In addition, businesses should ensure that they have the technical mechanisms in place to adequately identify and organize responsive consumer data when responding to requests to know, and to separate and delete consumer data when responding to requests for deletion, and that such requests are capable of being honored in accordance with the requisite time period provided in the proposed regulations. Further, businesses must be prepared to specify the manner in which they have deleted personal information in response to a particular request to delete (e.g., permanent deletion, de-identification or aggregation). Businesses must maintain records of consumer requests and how the business has responded for a minimum of 24 months, and such records will need to conform with the proposed regulations’ recordkeeping requirements.

Businesses also should check their privacy policies against the specific content requirements of the proposed regulations and confirm that all required notices are presented at the relevant locations, including for consumers’ right to opt-out of the sale of personal information. Additionally, businesses that do not collect personal information directly from consumers are not required to provide the initial notice to consumers but would need to, prior to selling such personal information, directly contact consumers to notify them of their right to opt-out or obtain specific assurances from the source of the personal information as to how initial notice and opt-out was provided to such consumers.

Public Comments

Written comments concerning the proposed regulations may be submitted by mail or email by 5:00 p.m. Pacific Time on December 6 to the Attorney General. Additionally, four public hearings will be held by the Attorney General in order to solicit comments and statements from individuals. The hearings will take place from 10:00 a.m. to 4:00 p.m. Pacific Time December 2-5 at various locations across California.

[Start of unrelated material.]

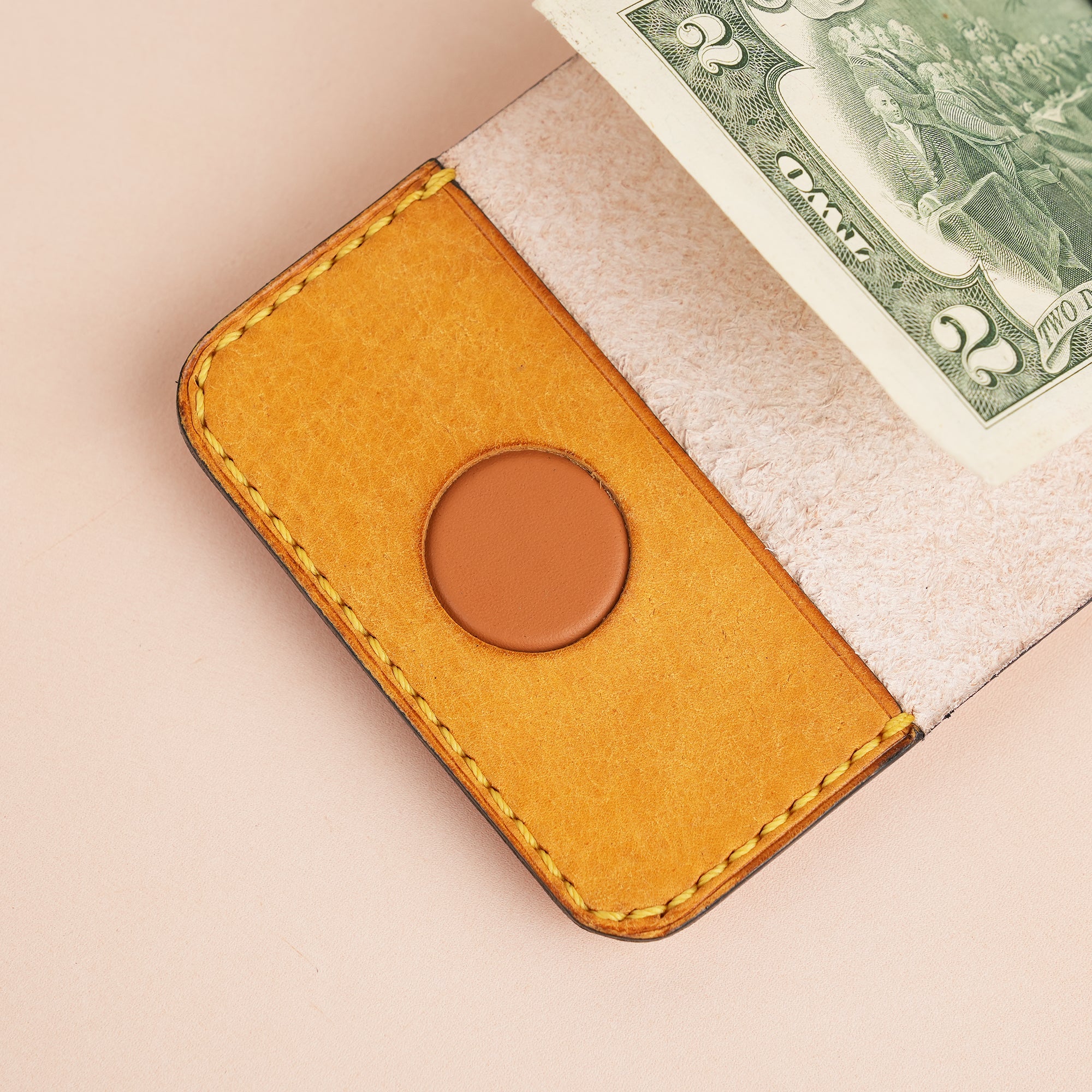 Yellow Leather Snap Wallet Tea-Rex Design - Patina Finish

The proposed regulations provide a more detailed picture of what businesses are required to do in order to comply with the CCPA but could change from their current draft form depending upon comments received during the public comment period. For more information about the CCPA, please read our previous article regarding the recent additional amendments to the law and how to prepare for compliance. For further questions or information regarding your business’s compliance with the CCPA, please contact one of the authors.


* Interestingly, the phrase “specific pieces of personal information,” which appears in the CCPA but is not defined, was not defined in the proposed regulations either, despite urging by various industry members to clarify the meaning of the term.